We land around 11 ish and per Paul's advice we rush out to security so we can catch the airline crew bus to the vicinity of Ipanema beach. Ofcourse, CKK, Creative Kelly Kortman, realized that he left his camera on the plane and we go from being the 1st people through customs to the last. We wonder why the heck he even had his camera out on a red-eye flight. WTF was he taking pictures of. His feet? We still manage to catch the crew bus. We get accosted by a few gay attendants but it seems worth the free ride. I meet the captain and he's very cool and has good advice.
We catch a cab to a couple of non-ideal locations. The traffic in Ipanema is slow and we already know where we want to stay to we finally pay the cabbie and hoof it. We find a big double room. with 4 beds, nice bathroom, AC, fridge, and low price. We're stoked for the prime find and hit the beach.
We explore for a while. Ipanema beach is insanely crowded. Not uncomfortably ... there's plenty of space. But it just goes forever for miles and miles and it's densely packed all the way along. The best part ... infinite volleyball nets. We search post 8 for my friend Mel but can't find her on the busy beach. We finally settle down, sans Kelly (Portuguese name "Purple Chest"), and Matt and I do what we do. We beat some local kids 2 out of 3 matches. Matt is completely immobile due to his bad knee. But he plays anyway and we do OK. If he was healthy, the games would have been a joke but his injury makes them close to even. Matty, I don't know if you were having any fun but if you took all that pain for me ... thank you.
After beating the locals we play with a couple of kids (10 or 11 maybe) and these kids were absolutely phenomenal. You may think I'm exagerating but the ability and ball control that these tiny little kids displayed absolutely blew my mind. They were quick and they could actually pass set and even hit despite not being able to rise above the net. I got a picture with one who was very polite and charming and spoke some english.
We played until after sunset.
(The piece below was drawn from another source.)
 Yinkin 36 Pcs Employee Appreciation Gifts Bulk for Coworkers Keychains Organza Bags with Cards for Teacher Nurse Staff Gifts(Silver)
The beach has stadium lighting so you can play as late as you like. And it's hot and humid so temperature is not an issue. We've only been here for 2 days so far but the best part of the trip for me so far has been the walk back from the beach to the hotel. We were a couple of miles away since we'd cruised down to try to find Mel (and failed). Tired but clean from the ocean water with drinks in our hands we strode the long walk and took in the scenery. Just me and my best friend feeling good about the fact that we're finally really in Rio. The moment is not about our other companions one track quest for poon.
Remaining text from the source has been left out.